Two plays staged in Jammu Youth Theatre Festival

Excelsior Correspondent
JAMMU, Mar 29: Two major plays featured on the second day of ‘Jammu Youth Theatre Festival’ organised by Indian Council for Cultural Relations, Jammu and North Zone Cultural Centre, Patiala jointly at the Auditorium of Govt College for Women Gandhi Nagar, Jammu. Mind-blowing themes and innovatively designed and directed, these vibrant plays were presented by the students of Government SPMR College of Commerce and MAM College who were trained and groomed under the able guidance and direction of Ravinder Sharma and Abhishek Bharti respectively. These plays were produced in an intensive theatre workshops organised by ICCR and NZCC jointly to encourage and train new talent in theatre.
The first play of the day ‘Final Solutions’, an award-winning play written by Mahesh Dattani was directed by Ravinder Sharma, focuses on the issue of communalism. The story covers several decades of communal disharmony, beginning with the 1947 Partition of India and Pakistan and shifting its focus to the present day communal strife. It explores the varying lives and attitudes of three generations of a Gujarati family belonging to the urban middle class. The interplay of the characters highlights the religious bigotry and the stereotypes of religious identity that are highly prevalent in India, more so among the Hindus and the Muslims. The play highlights tolerance as the only clear and positive solution to such mindless strife – a solution that is highly relevant to all communal conflicts around the world.
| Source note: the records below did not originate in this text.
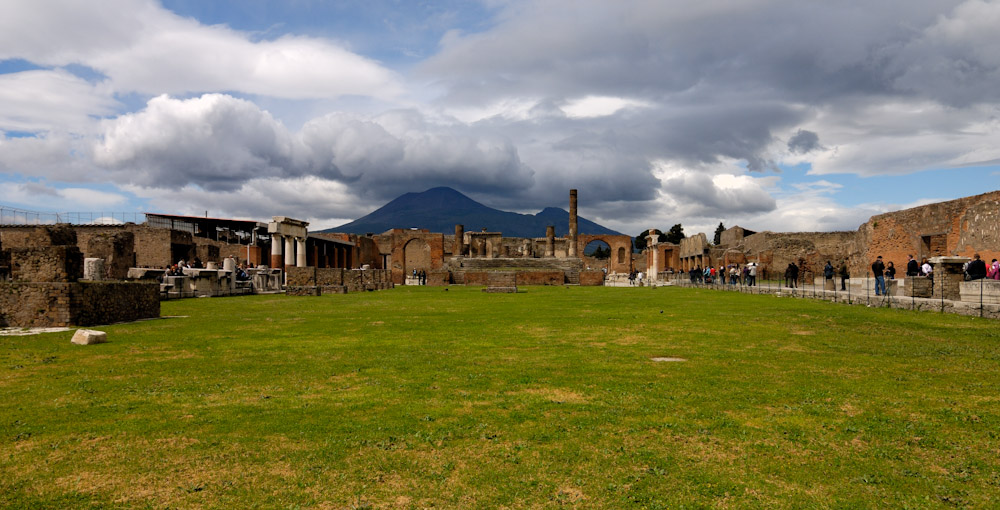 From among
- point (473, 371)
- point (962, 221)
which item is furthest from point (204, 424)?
point (962, 221)

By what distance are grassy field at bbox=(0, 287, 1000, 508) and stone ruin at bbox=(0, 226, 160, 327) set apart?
2.54 meters

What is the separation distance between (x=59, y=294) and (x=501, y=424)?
36.3 feet

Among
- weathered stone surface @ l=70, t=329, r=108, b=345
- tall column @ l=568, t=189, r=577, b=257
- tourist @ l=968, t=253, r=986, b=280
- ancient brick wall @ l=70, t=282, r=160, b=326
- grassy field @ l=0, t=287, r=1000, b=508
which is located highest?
tall column @ l=568, t=189, r=577, b=257

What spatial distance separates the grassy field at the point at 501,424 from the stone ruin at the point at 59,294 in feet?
8.35

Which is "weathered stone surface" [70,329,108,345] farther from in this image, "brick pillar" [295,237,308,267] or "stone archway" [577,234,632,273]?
"stone archway" [577,234,632,273]

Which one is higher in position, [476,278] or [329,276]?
[329,276]

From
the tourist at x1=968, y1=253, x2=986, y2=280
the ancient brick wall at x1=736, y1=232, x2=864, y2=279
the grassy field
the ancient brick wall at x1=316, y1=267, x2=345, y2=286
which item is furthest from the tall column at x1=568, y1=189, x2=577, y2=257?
the grassy field

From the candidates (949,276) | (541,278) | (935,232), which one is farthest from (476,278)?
(949,276)

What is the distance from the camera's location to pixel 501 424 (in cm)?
456

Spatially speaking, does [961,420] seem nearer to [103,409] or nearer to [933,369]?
[933,369]

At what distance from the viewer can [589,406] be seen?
509 centimetres

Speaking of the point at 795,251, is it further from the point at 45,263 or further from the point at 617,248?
the point at 45,263

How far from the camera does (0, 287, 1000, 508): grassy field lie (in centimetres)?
333

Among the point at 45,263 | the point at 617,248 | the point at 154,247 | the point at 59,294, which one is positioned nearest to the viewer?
the point at 59,294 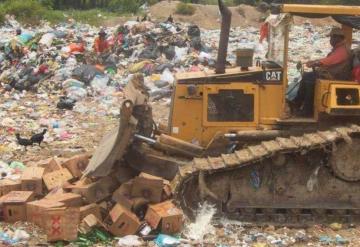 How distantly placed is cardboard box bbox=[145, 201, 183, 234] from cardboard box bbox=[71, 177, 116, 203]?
681mm

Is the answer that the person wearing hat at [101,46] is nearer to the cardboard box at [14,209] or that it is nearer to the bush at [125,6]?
the cardboard box at [14,209]

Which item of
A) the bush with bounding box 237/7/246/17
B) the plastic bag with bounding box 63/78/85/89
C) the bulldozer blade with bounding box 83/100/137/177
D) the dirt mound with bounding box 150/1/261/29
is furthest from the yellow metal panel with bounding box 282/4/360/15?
the bush with bounding box 237/7/246/17

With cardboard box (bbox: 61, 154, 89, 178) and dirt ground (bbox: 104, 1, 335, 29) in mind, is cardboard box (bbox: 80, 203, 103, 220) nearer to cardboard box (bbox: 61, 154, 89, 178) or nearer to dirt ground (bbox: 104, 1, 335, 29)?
cardboard box (bbox: 61, 154, 89, 178)

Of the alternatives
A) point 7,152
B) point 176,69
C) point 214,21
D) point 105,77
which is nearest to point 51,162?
point 7,152

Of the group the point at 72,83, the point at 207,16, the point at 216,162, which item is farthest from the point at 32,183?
the point at 207,16

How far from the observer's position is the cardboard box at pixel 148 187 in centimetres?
663

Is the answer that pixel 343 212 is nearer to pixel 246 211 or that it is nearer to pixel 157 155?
pixel 246 211

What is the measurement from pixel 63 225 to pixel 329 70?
10.6 feet

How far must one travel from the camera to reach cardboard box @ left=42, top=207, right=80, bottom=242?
238 inches

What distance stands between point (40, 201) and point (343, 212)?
3072 mm

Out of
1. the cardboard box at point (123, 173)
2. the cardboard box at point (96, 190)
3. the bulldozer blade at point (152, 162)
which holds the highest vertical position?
the bulldozer blade at point (152, 162)

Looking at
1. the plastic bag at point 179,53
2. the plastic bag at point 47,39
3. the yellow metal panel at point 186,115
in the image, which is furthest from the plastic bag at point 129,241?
the plastic bag at point 47,39

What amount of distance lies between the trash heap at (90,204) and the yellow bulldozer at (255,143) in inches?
8.9

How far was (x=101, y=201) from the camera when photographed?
681cm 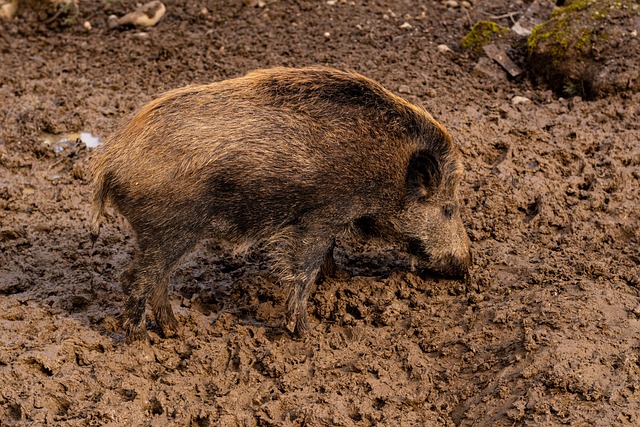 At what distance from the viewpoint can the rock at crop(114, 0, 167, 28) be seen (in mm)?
8062

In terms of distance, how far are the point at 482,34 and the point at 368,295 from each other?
373 centimetres

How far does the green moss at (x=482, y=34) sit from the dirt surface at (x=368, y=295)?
0.17 metres

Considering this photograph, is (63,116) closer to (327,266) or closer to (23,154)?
(23,154)

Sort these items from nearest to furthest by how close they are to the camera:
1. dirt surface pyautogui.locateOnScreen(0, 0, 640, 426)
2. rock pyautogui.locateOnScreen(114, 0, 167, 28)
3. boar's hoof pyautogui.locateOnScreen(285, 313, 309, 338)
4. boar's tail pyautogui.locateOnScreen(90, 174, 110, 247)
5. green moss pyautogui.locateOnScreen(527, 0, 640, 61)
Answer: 1. dirt surface pyautogui.locateOnScreen(0, 0, 640, 426)
2. boar's tail pyautogui.locateOnScreen(90, 174, 110, 247)
3. boar's hoof pyautogui.locateOnScreen(285, 313, 309, 338)
4. green moss pyautogui.locateOnScreen(527, 0, 640, 61)
5. rock pyautogui.locateOnScreen(114, 0, 167, 28)

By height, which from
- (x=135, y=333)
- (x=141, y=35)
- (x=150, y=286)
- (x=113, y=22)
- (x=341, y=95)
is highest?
(x=341, y=95)

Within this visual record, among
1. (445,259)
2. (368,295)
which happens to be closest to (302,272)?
(368,295)

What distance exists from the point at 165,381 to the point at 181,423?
0.32 meters

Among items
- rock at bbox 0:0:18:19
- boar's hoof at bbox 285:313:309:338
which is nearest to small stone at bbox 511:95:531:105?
boar's hoof at bbox 285:313:309:338

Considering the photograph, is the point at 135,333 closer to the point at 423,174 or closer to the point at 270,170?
the point at 270,170

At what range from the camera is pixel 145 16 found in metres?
8.08

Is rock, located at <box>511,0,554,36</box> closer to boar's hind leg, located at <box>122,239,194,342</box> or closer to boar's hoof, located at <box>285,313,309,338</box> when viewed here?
boar's hoof, located at <box>285,313,309,338</box>

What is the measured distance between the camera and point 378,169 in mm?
4184

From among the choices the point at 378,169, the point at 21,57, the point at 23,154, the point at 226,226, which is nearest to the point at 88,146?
the point at 23,154

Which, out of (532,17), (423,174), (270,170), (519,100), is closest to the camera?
(270,170) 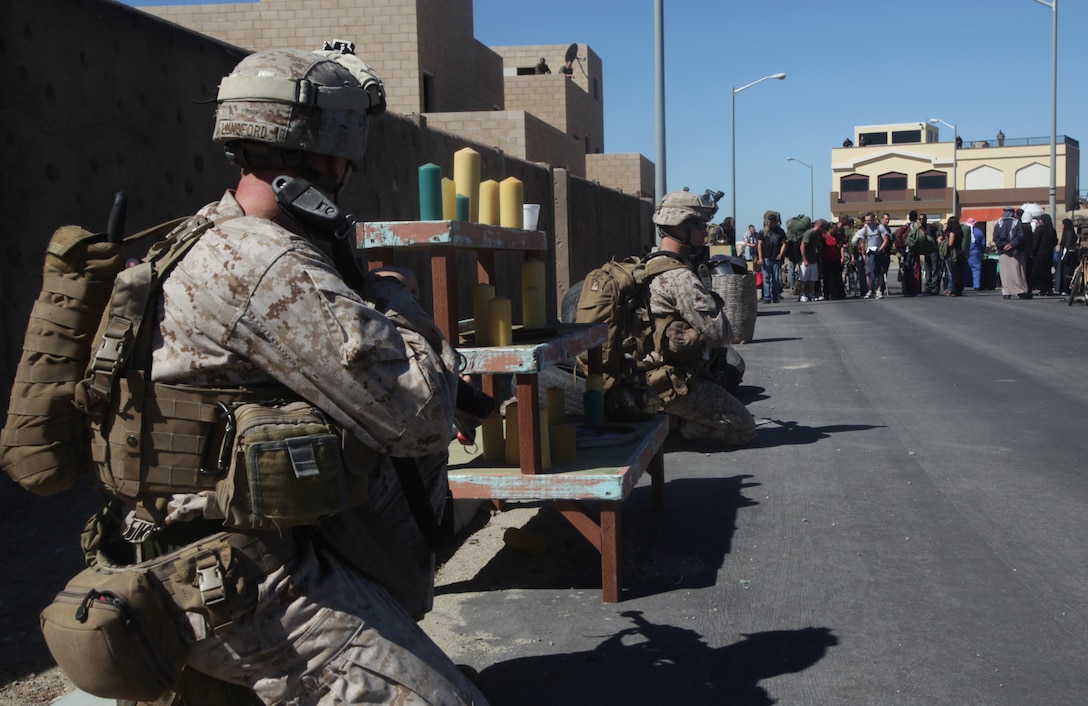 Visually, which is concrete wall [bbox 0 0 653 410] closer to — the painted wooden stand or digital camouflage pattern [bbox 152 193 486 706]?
the painted wooden stand

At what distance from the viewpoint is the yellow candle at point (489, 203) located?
15.3 ft

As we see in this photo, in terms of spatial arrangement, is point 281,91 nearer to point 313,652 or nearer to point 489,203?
point 313,652

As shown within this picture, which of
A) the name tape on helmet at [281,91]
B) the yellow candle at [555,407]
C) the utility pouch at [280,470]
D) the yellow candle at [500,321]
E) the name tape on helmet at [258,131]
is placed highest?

The second play ‘Gagan Damama Bajyo’ written by Puesh Mishra and Directed by Abhishek Bharti based on the life and ideology of Shaheed Bhagat Singh, highlights the fact that though the British rule has ended yet another form of tyranny has begun. For the common man only the rule has changed but their exploitation and harassments have not ended. In contrast to the non-violence of Mahatma Gandhi, Bhagat Singh was for a revolutionary end to the British rule. Though a revolutionary, Bhagat Singh wasn’t carried away by his extreme ideas. He was a visionary also. Though he shared the Mahatma’s vision of an independent India, the differences on the means to attain it always persisted. The play traces the relevance of Shaheed Bhagat Singh ideology in the present scenario. The play starts in 1965 in Delhi where Battukeshwar Dutt a comrade is hospitalized and Markand Trivedi asks him “Is today’s India is really the India of Bhagat Singh dream”. The story of play then goes back to 1921 and comes back in 1994 and ends in Kanpur, where Shiv Verma another comrade of Bhagat Singh is alive. The play reflects the work and ideology and thoughts and struggle of Bhagat Singh with glimpses right from his childhood to the end of life. It also shows the struggle for freedom with his contemporary’s Sukhdev and Rajguru. “Gagan Damama Bajyo” highlights the ideological learning of Bhagat Singh and also tries to project his thinking pattern.
Tomorrow two plays ‘Apne Apne Kshitj’ and ‘Natak Ki Talaash’ will be staged on the final day of the Jammu Youth Festival under the direction of Bipin Gupta and Sumeet Sharma at 11.30 am and 1 pm respectively by the students of Govt College for Women Parade and GGM Science college Jammu.